Pada tanggal 26 Agustus, harga berjangka tembaga COMEX untuk pengiriman September sempat naik 1,8% menjadi $6,7270/lb (sekitar $14.830/mt), melampaui rekor sebelumnya $6,7140/lb yang ditetapkan pada 12 Agustus dan mencapai rekor tertinggi baru. Harga berjangka tembaga tiga bulan LME naik menjadi $14.437/mt, mendekati harga tertinggi sepanjang masa $14.527,5/mt yang ditetapkan pada bulan Januari, dengan selisih harga COMEX-LME sekitar $500/mt.

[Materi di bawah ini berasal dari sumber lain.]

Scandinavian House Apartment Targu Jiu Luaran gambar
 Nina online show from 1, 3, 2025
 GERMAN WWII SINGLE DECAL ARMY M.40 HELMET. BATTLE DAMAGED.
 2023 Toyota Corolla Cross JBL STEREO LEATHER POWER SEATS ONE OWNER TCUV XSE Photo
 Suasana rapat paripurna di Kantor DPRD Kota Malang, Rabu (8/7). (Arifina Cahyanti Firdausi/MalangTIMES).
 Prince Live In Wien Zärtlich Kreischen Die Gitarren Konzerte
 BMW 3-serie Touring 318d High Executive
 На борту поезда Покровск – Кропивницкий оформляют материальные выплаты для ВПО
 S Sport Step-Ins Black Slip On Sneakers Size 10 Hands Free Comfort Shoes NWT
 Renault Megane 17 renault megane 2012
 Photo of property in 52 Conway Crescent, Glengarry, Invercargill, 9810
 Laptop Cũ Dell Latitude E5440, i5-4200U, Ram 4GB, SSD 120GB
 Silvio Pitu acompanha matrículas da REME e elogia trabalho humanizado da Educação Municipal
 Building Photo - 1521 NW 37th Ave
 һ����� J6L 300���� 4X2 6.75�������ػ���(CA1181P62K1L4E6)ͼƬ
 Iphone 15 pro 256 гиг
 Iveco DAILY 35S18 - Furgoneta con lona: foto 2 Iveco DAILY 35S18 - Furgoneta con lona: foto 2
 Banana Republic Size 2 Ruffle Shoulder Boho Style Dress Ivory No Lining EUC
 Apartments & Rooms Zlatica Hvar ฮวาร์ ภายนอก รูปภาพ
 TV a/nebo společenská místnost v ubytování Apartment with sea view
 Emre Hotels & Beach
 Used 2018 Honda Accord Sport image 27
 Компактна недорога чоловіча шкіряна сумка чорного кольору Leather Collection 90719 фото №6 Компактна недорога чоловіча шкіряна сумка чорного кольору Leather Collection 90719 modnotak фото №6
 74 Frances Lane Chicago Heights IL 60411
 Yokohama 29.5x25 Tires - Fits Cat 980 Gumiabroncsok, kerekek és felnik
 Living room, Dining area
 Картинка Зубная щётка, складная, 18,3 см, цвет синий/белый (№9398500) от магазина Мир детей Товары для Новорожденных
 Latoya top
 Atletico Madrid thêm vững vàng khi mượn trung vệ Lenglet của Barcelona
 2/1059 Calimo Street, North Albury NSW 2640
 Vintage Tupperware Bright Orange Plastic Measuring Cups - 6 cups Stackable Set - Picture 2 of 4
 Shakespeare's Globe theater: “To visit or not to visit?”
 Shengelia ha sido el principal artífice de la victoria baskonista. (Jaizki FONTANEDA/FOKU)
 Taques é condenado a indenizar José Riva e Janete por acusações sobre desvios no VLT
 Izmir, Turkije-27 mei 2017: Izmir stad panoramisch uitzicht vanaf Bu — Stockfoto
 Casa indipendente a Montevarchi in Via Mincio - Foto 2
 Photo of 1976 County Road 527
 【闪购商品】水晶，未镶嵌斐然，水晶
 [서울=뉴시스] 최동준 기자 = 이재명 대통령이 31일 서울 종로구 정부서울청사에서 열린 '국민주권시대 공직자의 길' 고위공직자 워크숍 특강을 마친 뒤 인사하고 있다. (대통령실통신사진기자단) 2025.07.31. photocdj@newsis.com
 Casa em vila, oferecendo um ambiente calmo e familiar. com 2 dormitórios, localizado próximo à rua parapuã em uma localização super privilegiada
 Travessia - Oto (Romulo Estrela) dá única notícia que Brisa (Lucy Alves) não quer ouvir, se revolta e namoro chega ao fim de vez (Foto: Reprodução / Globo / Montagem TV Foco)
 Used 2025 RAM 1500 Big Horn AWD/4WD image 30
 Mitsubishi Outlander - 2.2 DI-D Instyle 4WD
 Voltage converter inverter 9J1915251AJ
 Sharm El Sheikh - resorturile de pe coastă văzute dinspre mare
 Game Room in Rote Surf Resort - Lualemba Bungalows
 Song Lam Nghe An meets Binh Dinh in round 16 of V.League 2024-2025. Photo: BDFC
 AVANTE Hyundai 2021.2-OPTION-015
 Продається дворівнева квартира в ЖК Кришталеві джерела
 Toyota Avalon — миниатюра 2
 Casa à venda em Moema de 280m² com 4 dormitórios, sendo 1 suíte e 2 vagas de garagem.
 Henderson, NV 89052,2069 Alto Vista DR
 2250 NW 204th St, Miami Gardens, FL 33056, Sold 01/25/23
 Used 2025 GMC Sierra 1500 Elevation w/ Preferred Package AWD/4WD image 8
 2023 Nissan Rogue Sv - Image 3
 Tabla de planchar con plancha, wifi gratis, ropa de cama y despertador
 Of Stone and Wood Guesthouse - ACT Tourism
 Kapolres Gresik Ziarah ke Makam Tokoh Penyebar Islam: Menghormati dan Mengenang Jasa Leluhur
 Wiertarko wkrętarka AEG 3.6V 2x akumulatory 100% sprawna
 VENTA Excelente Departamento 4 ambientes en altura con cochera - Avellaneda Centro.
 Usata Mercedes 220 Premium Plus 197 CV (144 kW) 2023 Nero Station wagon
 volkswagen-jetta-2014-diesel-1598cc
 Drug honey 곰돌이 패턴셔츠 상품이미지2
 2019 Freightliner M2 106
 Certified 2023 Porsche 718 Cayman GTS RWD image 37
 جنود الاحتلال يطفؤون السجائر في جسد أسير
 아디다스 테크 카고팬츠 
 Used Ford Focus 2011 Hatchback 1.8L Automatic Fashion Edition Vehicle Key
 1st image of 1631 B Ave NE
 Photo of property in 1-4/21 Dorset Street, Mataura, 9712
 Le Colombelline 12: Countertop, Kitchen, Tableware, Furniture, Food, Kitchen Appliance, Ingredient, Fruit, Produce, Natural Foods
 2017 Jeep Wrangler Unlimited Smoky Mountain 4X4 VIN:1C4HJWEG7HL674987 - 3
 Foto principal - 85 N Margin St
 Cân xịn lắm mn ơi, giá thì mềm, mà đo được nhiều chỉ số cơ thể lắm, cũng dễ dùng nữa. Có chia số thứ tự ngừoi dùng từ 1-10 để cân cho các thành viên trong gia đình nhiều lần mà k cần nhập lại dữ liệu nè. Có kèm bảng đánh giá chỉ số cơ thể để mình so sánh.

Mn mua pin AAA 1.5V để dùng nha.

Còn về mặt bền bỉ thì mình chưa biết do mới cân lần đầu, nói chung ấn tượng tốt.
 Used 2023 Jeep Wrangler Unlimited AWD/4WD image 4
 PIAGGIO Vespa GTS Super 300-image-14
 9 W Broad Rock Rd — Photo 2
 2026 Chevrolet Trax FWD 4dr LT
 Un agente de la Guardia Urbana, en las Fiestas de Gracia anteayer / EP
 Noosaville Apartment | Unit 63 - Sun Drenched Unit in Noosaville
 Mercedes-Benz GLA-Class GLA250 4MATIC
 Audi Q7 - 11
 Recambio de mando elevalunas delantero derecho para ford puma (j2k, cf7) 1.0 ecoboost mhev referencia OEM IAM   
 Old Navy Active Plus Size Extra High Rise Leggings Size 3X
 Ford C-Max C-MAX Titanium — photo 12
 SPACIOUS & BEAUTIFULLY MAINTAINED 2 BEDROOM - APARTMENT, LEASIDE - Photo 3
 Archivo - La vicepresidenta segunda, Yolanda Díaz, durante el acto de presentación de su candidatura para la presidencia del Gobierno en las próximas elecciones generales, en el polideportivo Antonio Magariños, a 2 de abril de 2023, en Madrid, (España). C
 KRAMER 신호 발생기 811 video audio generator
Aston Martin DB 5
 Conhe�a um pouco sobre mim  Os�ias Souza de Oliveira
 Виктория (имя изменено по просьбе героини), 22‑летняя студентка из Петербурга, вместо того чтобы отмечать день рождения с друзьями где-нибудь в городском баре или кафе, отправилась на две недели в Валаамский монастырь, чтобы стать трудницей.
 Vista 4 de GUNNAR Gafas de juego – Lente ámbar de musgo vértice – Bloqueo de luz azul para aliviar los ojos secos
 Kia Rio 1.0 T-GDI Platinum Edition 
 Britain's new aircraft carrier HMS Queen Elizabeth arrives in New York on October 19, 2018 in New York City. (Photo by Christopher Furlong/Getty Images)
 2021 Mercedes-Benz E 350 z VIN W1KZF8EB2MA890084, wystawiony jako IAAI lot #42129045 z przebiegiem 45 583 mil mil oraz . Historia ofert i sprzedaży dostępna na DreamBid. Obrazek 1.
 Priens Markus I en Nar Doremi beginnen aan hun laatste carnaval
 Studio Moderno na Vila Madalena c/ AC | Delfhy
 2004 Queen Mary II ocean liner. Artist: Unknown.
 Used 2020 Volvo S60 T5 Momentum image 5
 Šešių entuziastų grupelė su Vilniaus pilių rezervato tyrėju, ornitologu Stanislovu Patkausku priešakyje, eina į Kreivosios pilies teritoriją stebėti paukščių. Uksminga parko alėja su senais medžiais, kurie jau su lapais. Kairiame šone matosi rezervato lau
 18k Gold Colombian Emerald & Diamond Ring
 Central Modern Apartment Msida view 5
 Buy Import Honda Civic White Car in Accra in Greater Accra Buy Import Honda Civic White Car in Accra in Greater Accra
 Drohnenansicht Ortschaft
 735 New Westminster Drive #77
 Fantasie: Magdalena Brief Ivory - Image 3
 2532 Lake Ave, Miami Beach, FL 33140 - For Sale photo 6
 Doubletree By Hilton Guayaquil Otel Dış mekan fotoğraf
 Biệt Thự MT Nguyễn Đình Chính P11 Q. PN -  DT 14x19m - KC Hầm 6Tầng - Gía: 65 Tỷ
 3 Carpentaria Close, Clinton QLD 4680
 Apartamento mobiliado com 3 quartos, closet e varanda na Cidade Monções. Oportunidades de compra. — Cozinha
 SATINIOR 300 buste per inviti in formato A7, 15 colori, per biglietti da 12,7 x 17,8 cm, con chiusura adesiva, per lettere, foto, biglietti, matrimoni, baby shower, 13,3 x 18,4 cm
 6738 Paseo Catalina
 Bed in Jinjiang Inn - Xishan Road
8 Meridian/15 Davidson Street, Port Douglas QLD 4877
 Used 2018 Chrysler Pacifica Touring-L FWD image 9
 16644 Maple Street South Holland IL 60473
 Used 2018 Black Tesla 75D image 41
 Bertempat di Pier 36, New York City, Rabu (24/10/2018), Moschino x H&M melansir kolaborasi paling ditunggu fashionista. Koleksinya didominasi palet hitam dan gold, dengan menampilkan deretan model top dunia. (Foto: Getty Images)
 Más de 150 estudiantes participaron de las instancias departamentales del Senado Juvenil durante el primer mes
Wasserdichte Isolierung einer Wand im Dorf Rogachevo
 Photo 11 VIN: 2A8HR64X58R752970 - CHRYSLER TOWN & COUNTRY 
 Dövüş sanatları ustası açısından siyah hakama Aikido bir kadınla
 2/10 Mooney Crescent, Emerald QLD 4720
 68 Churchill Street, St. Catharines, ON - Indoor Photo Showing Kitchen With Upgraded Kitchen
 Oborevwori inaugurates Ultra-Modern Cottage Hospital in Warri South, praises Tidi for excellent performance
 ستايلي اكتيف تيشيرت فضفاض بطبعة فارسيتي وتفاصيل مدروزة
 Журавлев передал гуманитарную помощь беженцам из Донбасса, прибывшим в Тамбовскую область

Ekspektasi pasar bahwa AS mungkin memberlakukan tarif 15% pada katoda tembaga mulai Januari 2027 (naik menjadi 30% mulai 2028) telah mengganggu arus perdagangan tembaga global. Data menunjukkan bahwa AS mengimpor 889.800 mt katoda tembaga pada semester I 2026, naik 2,1% YoY, sementara tahun 2025 merupakan tahun dengan impor tertinggi sebesar 1,6544 juta mt untuk setahun penuh. Hingga 24 Agustus, persediaan tembaga COMEX mencapai rekor 676.104 mt. Jika impor AS mempertahankan tingkat pertumbuhan saat ini, pasar tembaga di luar AS sebenarnya akan mengalami defisit pasokan.